Car il sortit de sa cellule, et avec une jactance exaltée il partit
pour rechercher et visiter des parents au pays poitevin que nous avons
rappelé plus haut.
Il revint enflé d'arrogance, ne cherchant plus à plaire qu'à lui seul.
Nous lui fîmes des objurgations, et il entendit raison, à savoir que les superbes sont bien éloignés du royaume de Dieu.
Ayant
purgé sa jactance, il se rendit si humble qu'il ne restait plus en lui
la moindre racine de superbe, en sorte qu'il proclamait : "Je vois
maintenant la vérité de ces paroles que le bienheureux Apôtre prononce
de sa bouche sacrée
"Que celui qui se glorifie se glorifie dans le Seigneur !".
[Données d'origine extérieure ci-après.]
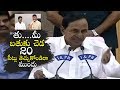 Neither Cong. nor BJP did anything for BCs: KCR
"Que celui qui se glorifie se glorifie dans le Seigneur !".
Par
lui, le Seigneur faisait beaucoup de miracles sur les infirmes; mais
comme Senoch annonçait qu'il allait s'enfermer de manière à ne plus
paraître aux regards humains, nous lui persuadâmes de ne pas se fermer
dans une réclusion perpétuelle, mais seulement pendant les jours qui
vont de l'enterrement de saint Martin à la solennité de la naissance du
Seigneur et encore pendant ces 40 jours que l'autorité des Pères décida
de passer dans la plus grande abstinence, avant les fêtes pascales ; les
autres jours, il se donnerait aux peuples pour l'amour des infirmes.
Il entendit notre conseil, accepta volontiers ce qui avait été dit, et l'exécuta sans barguigner.
Et
maintenant que nous avons un peu parlé de sa vie, venons aux miracles
que par lui la dextre guérisseuse de la divine Puissance daigna opérer.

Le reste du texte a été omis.